The overall formulation is a mixed‑integer nonlinear program (MINLP) with infinite‑dimensional control functions. To make the problem tractable, the authors first prescribe a generic impulsive‑transfer strategy, reducing the control law to a finite set of ΔV vectors and associated departure/arrival epochs. An initial feasible solution is generated, and the cost and time functions are linearised around this reference. The resulting linearised model is a mixed‑integer linear program (MILP) that can be solved with a Branch‑and‑Bound (B&B) algorithm. At each B&B node the selected debris set is fixed, the optimal ΔV for each leg is recomputed, and lower/upper bounds are used to prune the search tree. Once the B&B process yields a candidate optimal path (debris selection and order), the authors return to the original continuous formulation and re‑optimise the thrust profiles and timing for each leg using direct or indirect optimal‑control methods, thereby refining the impulsive approximation. The whole procedure is iterated until the solution stabilises.

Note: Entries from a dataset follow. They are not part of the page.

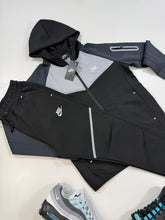 Load image into Gallery viewer, Tracksuit men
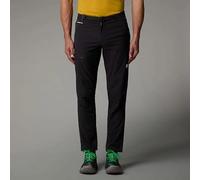 THE NORTH FACE NF0A495N4H0 M Lightning Pant - EU Pantaloni Sportivi Uomo TNF Black-NPF Taglia 32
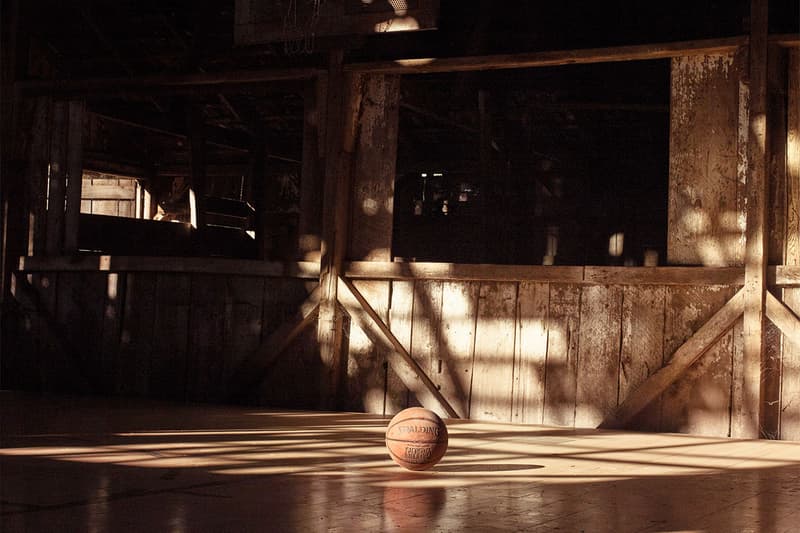 jerry lorenzo fear of god nike basketball interview editorial nike air fear of god 1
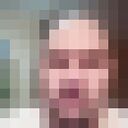  ,    , 34 ,   ,   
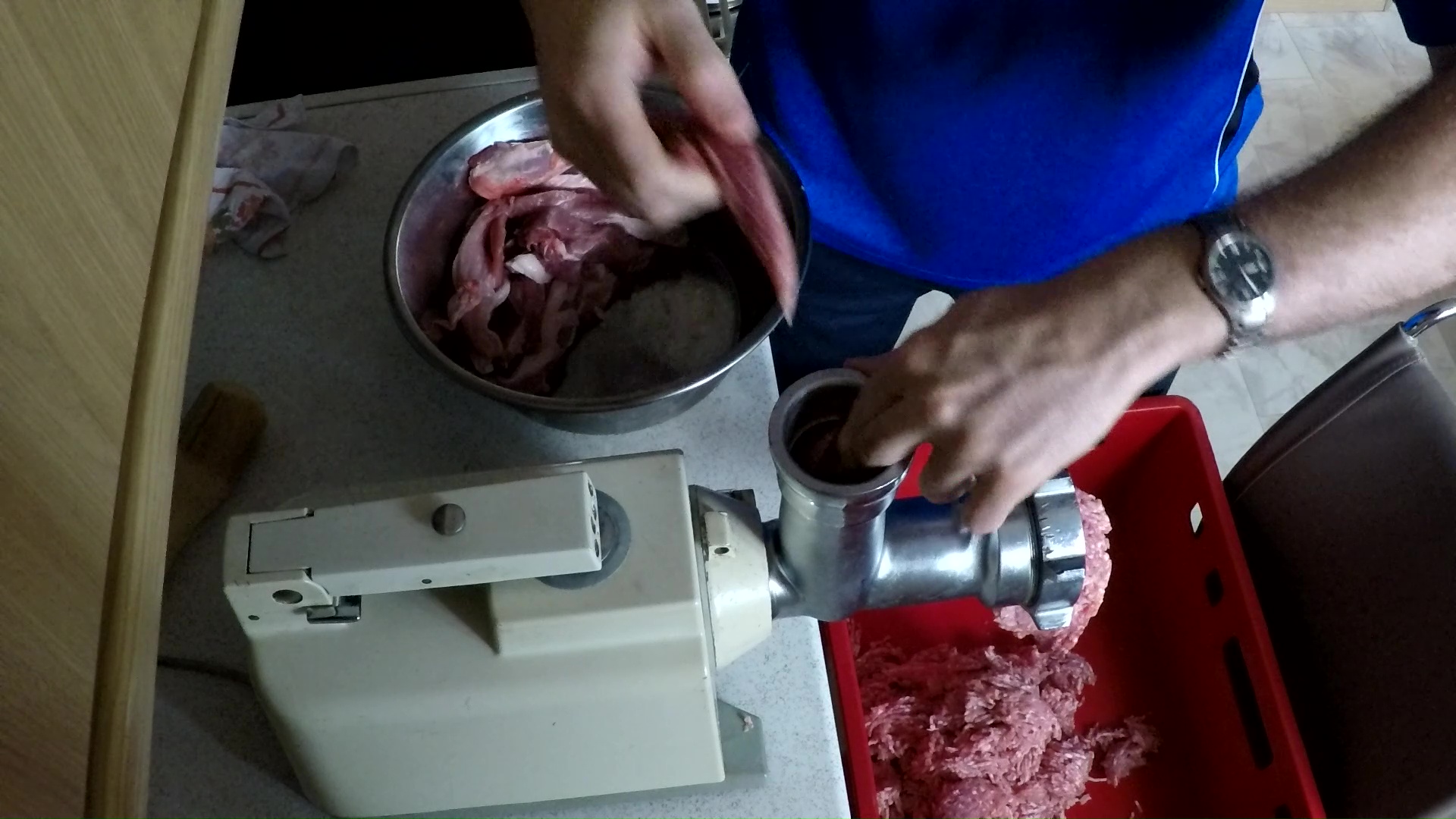 Rezept-Bild Nr.3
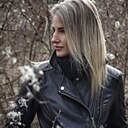 Знакомства: Кристина, 33 года, Москва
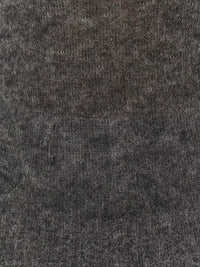 Talia Round Neck Knit Pullover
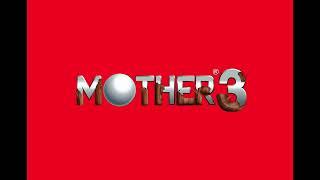 MOTHER 3 Love Theme - MOTHER 3 OST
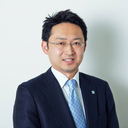 義武 大谷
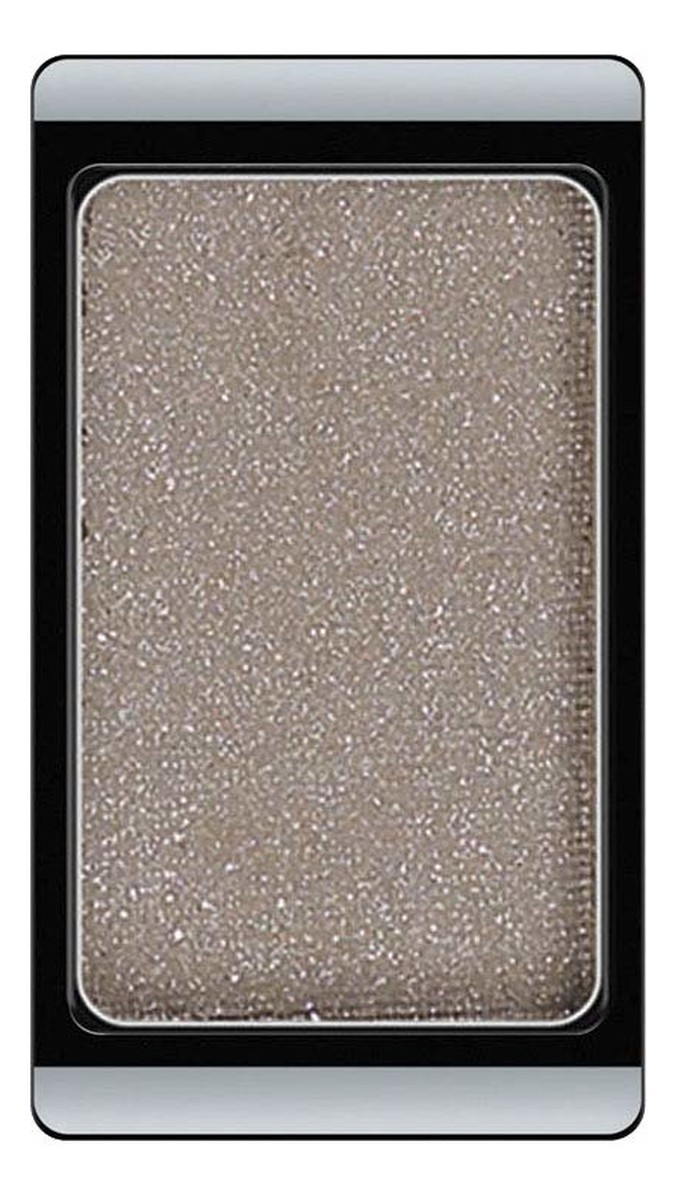 Magnetyczne Cienie Do Powiek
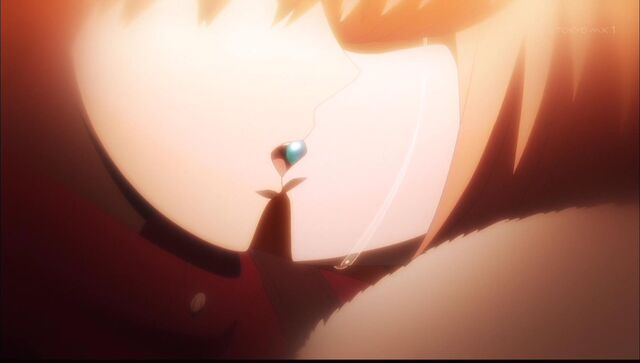 File:Kiss of Death.jpg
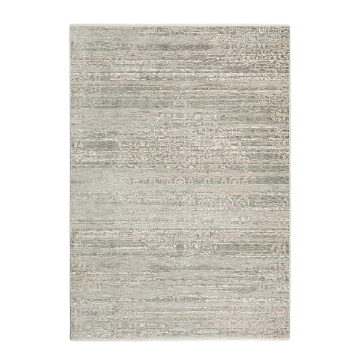 Picture of REGAL 2 MIST 7'10"X10' RUG
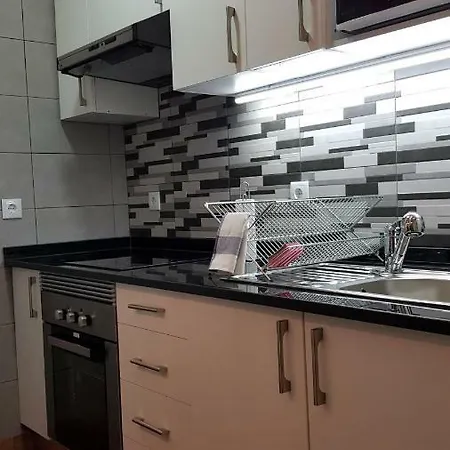 Ninho 0.1 Ferienhaus Vila Nova de Gaia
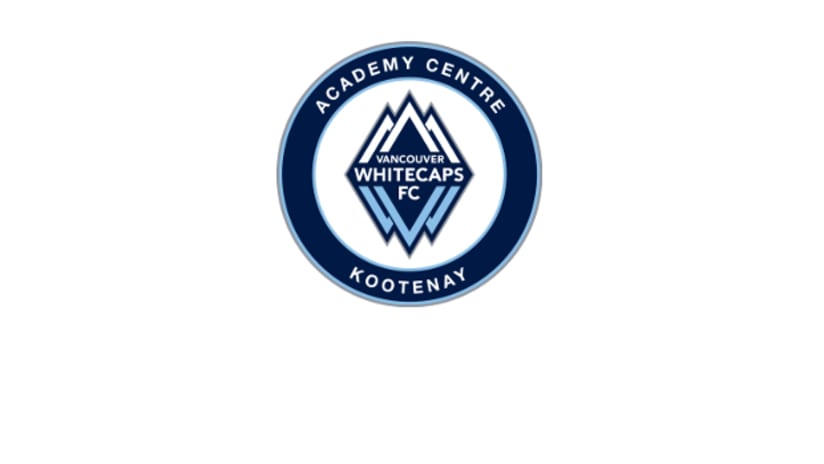 Kootenay Academy logo
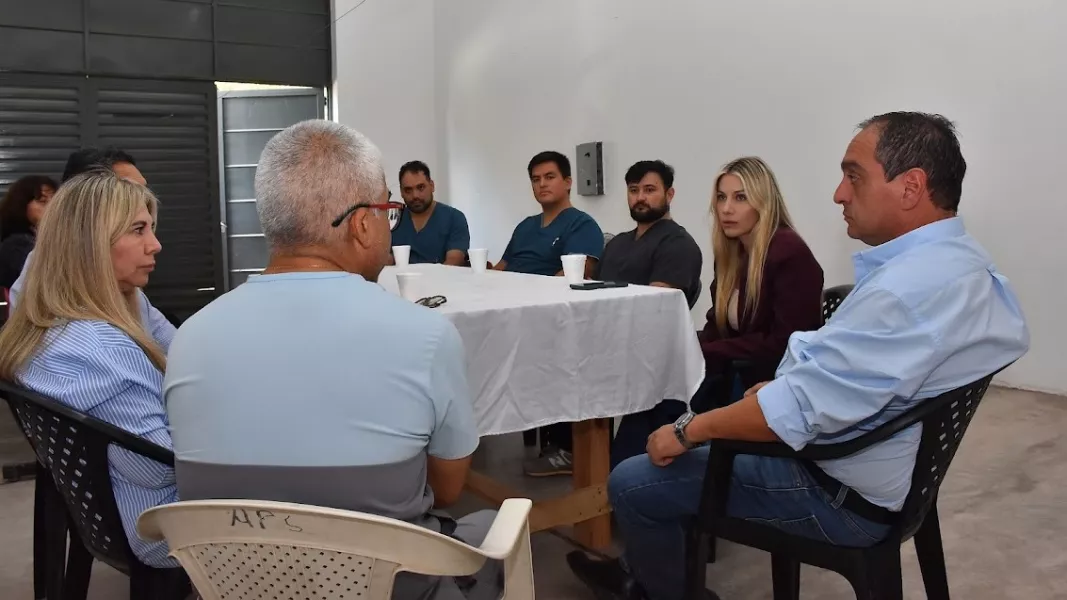 22736-la-provincia-articula-en-anta-acciones-territoriales-para-el-abordaje-de-consumos-problematicos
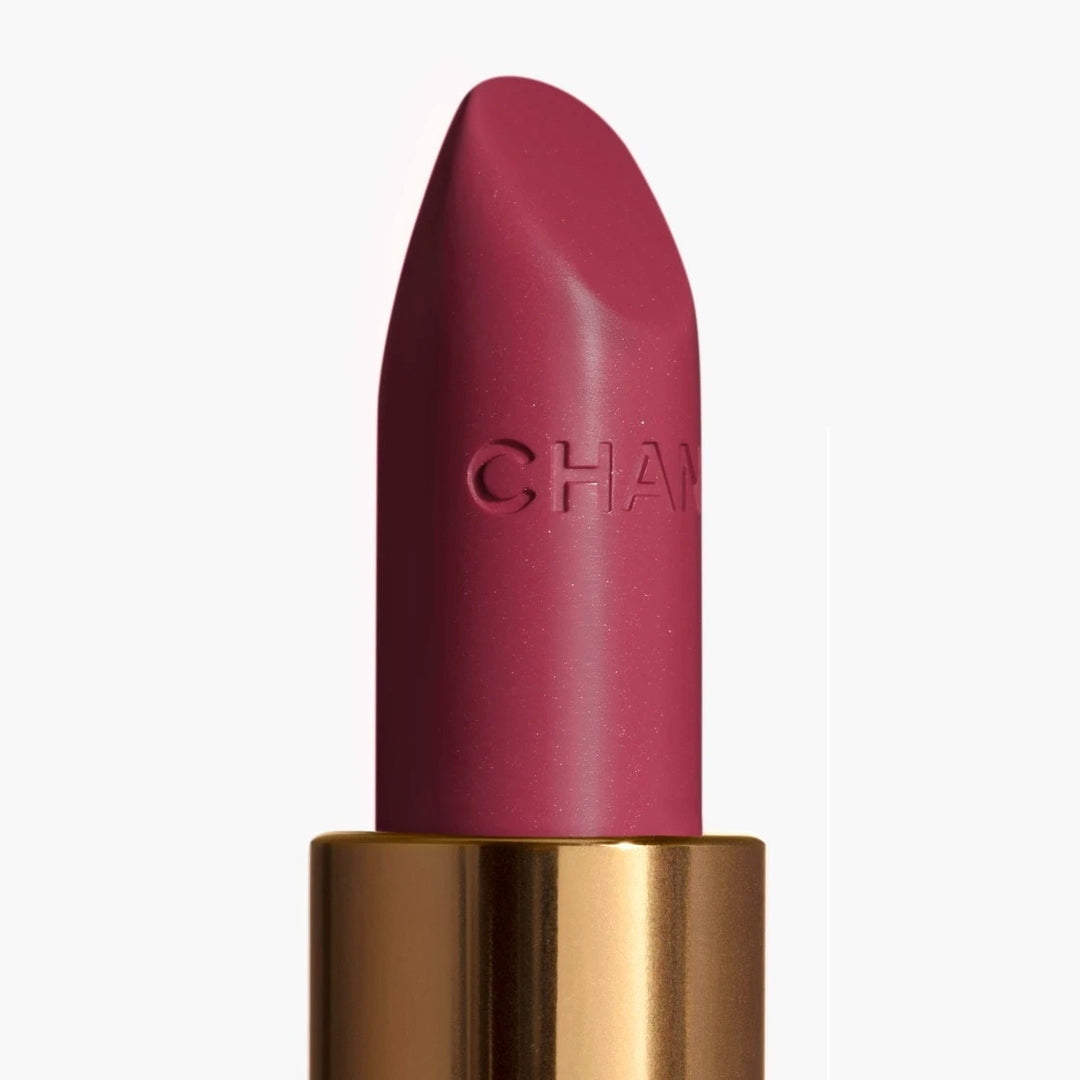 Son CHANEL Rouge Coco #130 La Pausa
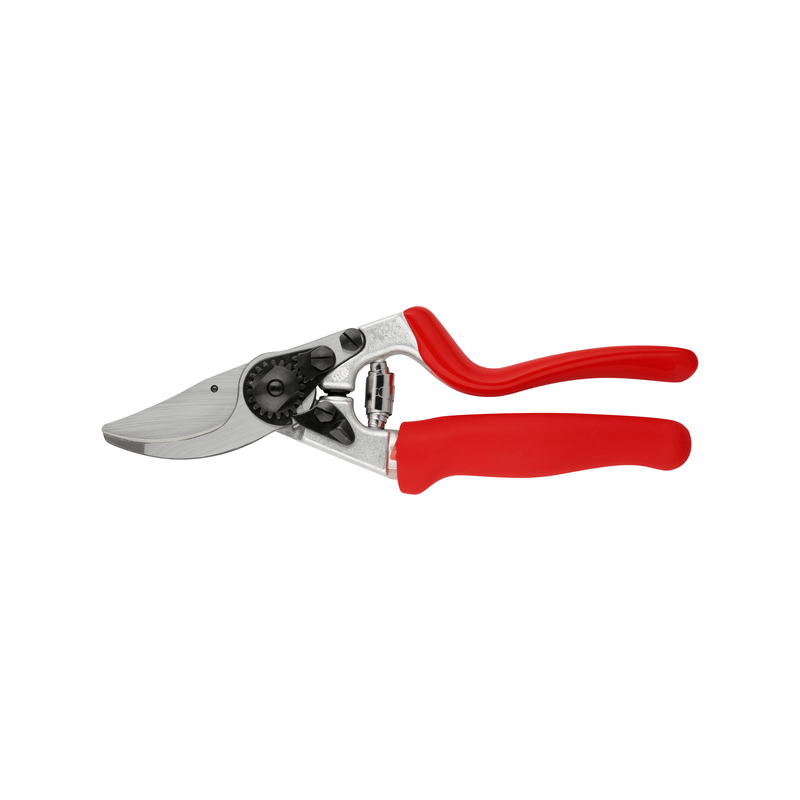 FELCO 7 pruning shears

The methodology is demonstrated on a case study involving 11 Sun‑synchronous orbit (SSO) debris candidates. The authors compute pairwise transfer costs C_ij and durations T_ij using the impulsive model, then apply the B&B‑linearisation loop to obtain the optimal subset of five debris and the visiting sequence. The resulting total ΔV is significantly lower than that obtained by naïve heuristics (e.g., a simple nearest‑neighbour tour), and the total mission time respects the one‑year constraint.

Key contributions include: (1) a clear decomposition of a highly coupled combinatorial‑continuous problem into a finite‑dimensional surrogate that can be linearised; (2) the integration of a B&B scheme with iterative re‑optimisation of the underlying optimal‑control problem, enabling simultaneous handling of integer selection decisions and continuous trajectory design; (3) a demonstration that the approach scales to any number of candidates and any mission duration, provided a suitable impulsive transfer template is defined. Limitations are acknowledged: the impulsive assumption may be inaccurate for low‑thrust electric propulsion, and linearisation introduces approximation errors that must be mitigated by the final re‑optimisation step. Future work is suggested to incorporate realistic low‑thrust dynamics directly into the optimisation loop and to extend the framework to multi‑objective formulations (fuel, time, collision risk).